Versions (relevant - OpenSearch/Dashboard/Server OS/Browser):
AOS 2.11
Describe the issue:
This question comes as a continuation of this thread: How to register sparse encoding model in AWS OpenSearch - #9 by grunt-solaces.0h
Setup summary:
- we use neural sparse search with one of the pretrained models deployed in SageMaker on a G4 instance
- the ingestion is pretty slow, but usable
- the same model is used both for ingestion and search (i.e. same
model_id
in OS queries) - the the size of the
opensearch_ml_predict
thread pools is 24 (3 nodes x 8 vCPUs) - the SageMaker instance is heavily underutilised
The problem occurs when we have spikes in ingestion, i.e. a large number of documents to ingest at once. They are pushed in batches of 1000. What happens is that the documents get queued and sent to the SageMaker machine by OS using the opensearch_ml_predict
thread pool. If at the same time a search coming from the user reaches the cluster, it will also be queued. But obviously, it has to wait until all the already queued documents have been processed, which can take in the range of tens of seconds, causing poor search experience for the user.
We’ve explored two approaches: increase the ingestion throughput or prioritise the search request coming from the user.
For the first approach, one option would be to add more machines to the cluster. But this seems less than ideal, as we would do it just to get more CPUs and the increase in throughput is negligible. We would need to increase the cluster considerably to get a real improvement.
For the second approach, we’ve thought of using _prefer_nodes
when performing the search. However, it’s not clear if this would ignore data that is stored on the nodes that are not included in the parameter.

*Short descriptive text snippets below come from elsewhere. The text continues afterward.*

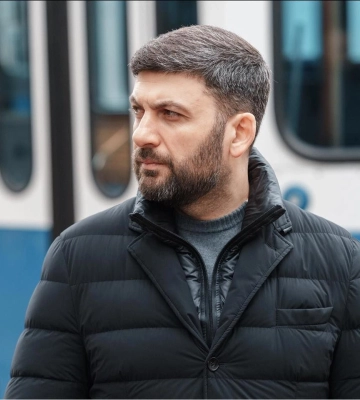 Большинство - не всегда качество: почему партия Гройсмана не способна эффективно управлять громадами, которые контролирует
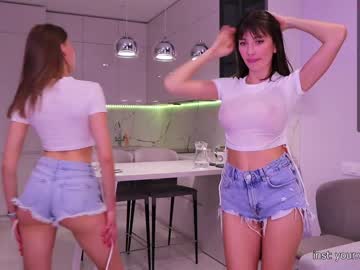 webcam girl crazybabyyy capture image #3131631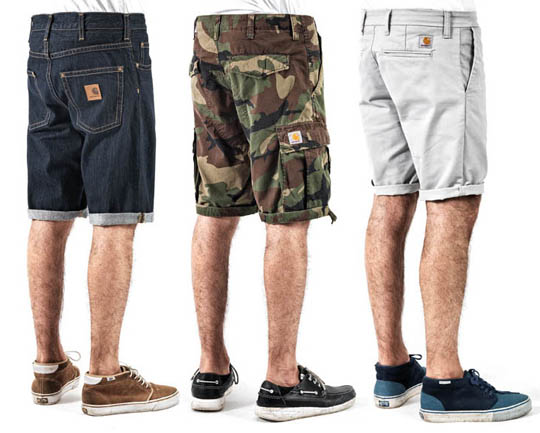 https://www.airmaxy.pl/wp-content/uploads/carhartt-2012-spring-summer-shorts-00.jpg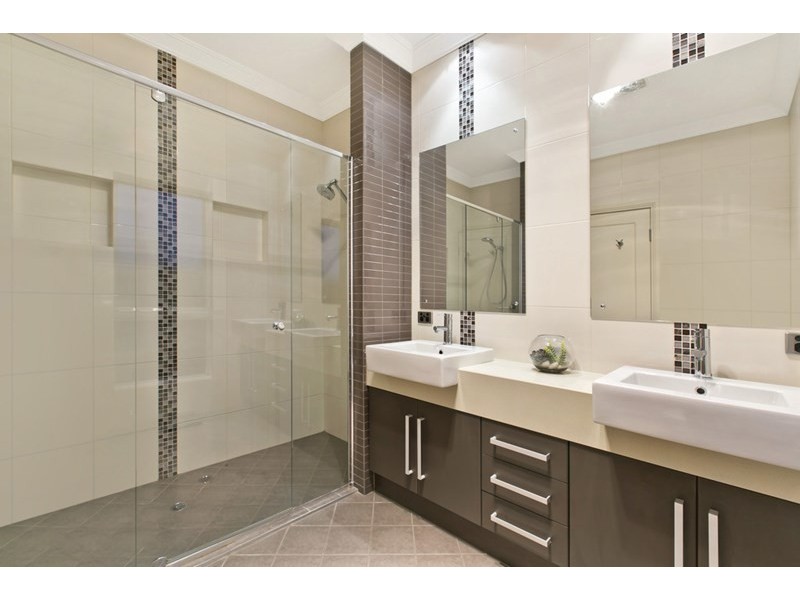 64 Alison Street, Glenelg North SA 5045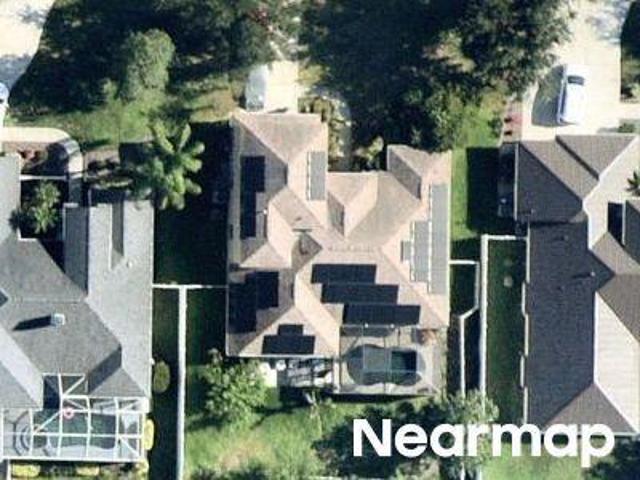 House for sale in Lakewood Ranch, Florida
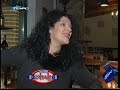 SOFIA VOSSOU STO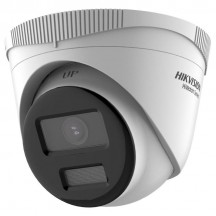 Camera de supraveghere HiWatch HWI-T229H-28(C)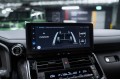 Toyota Land Cruiser Премиум 2026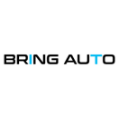 logo bringauto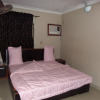 Отель B & S Hotel, фото 6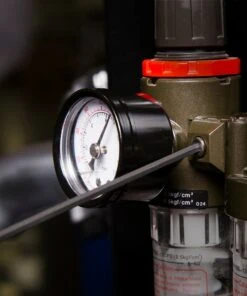 Kobalt Hex Keys & Torx Keys 16-key Standard (Sae) and Metric Combination Hex Key Set 15 Kobalt Hex Keys & Torx Keys 16-key Standard (Sae) and Metric Combination Hex Key Set -Kobalt Sales Store 42129184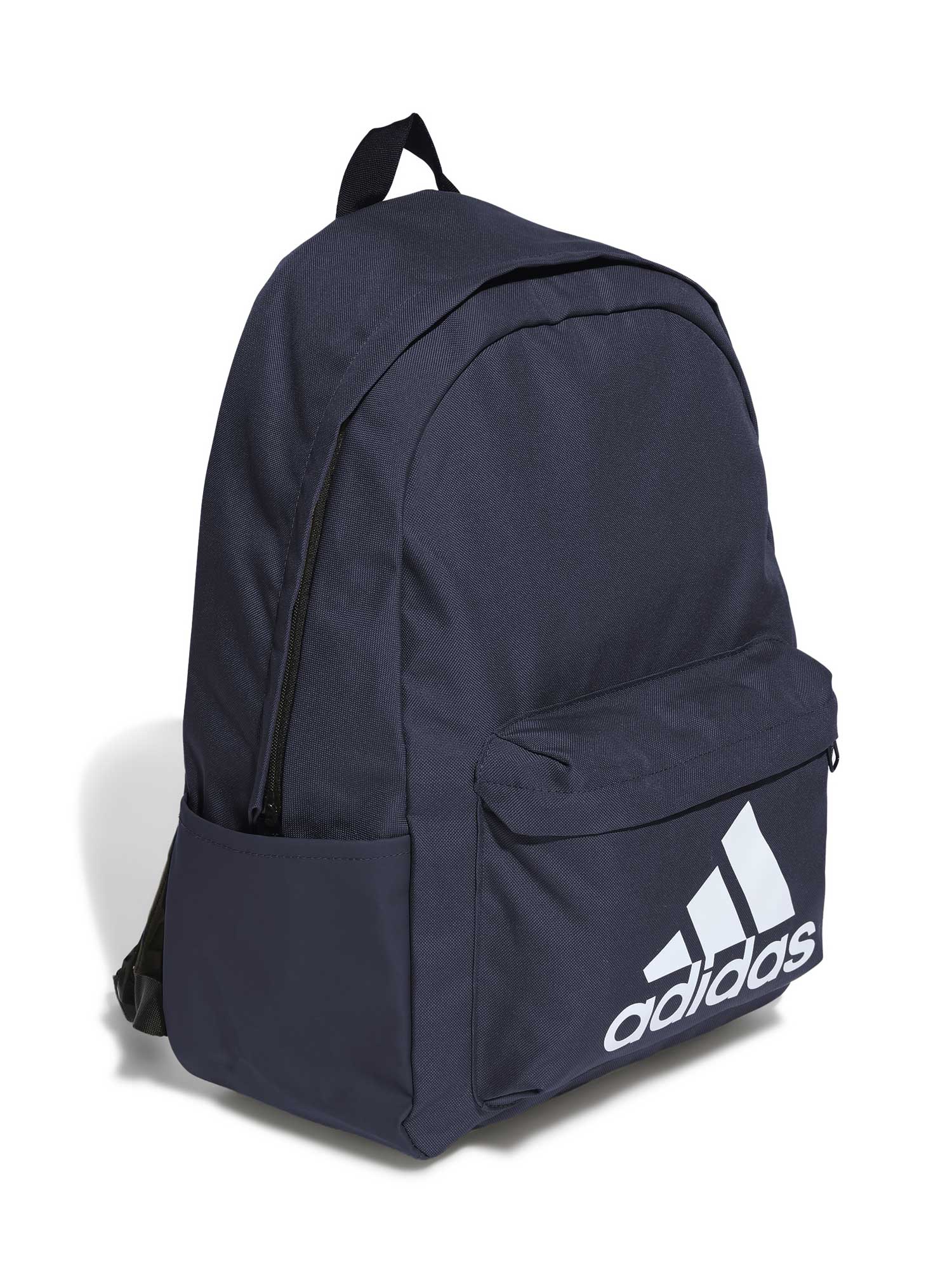 ADIDAS PERFORMANCE Раница Classic Badge of Sport
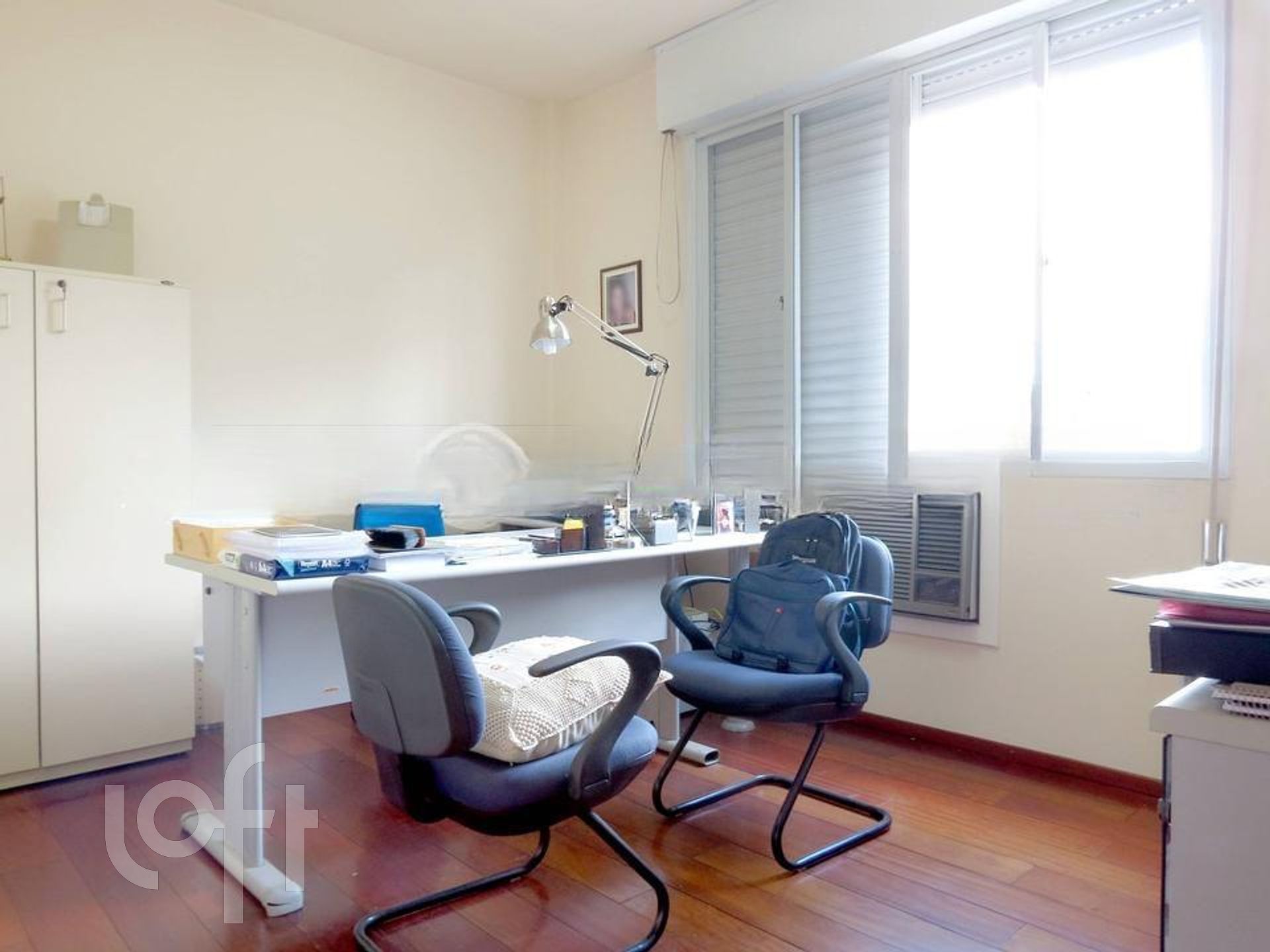 Imagem da propriedade 13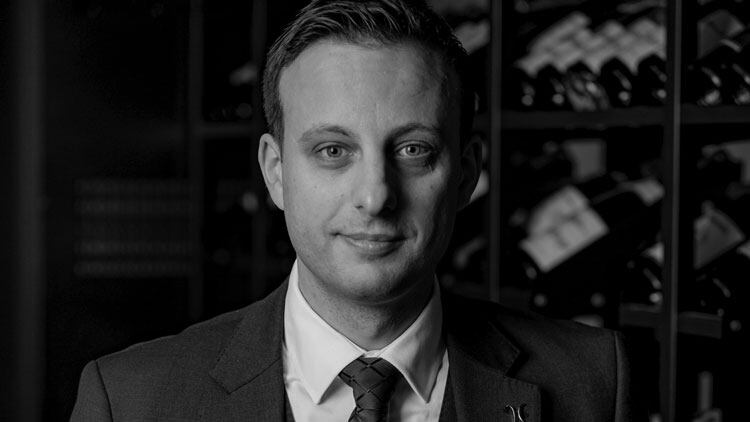Leonardo-Barlondi-head-sommelier-The-Grill-by-Tom-Booton-at-The-Dorchester-Hotel-in-London.jpg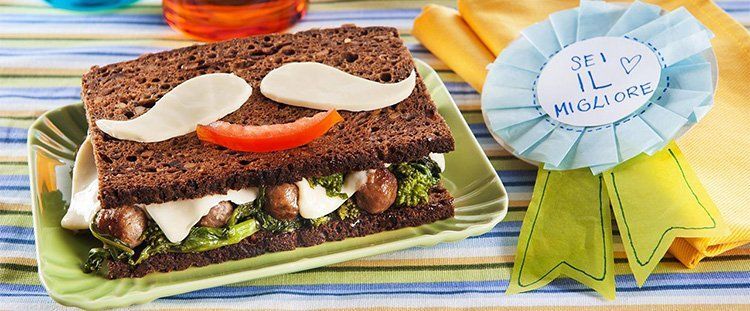 Come preparare un brunch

Another option that we’ve experimented w/ is reducing the batch of documents that are sent for indexing to <= 24. Like the thread pool queue is not filled and search requests coming from the user can be processed fast enough. However, this seems very limiting.
Any suggestion are more than welcome.
Note: the replacement of the blocking httpclient w/ the async version seems to be in progress (highly appreciated) but the release schedule is not clear. GH issue here: [FEATURE] Replace blocking httpclient with async httpclient in remote inference · Issue #1839 · opensearch-project/ml-commons · GitHub
Thank you!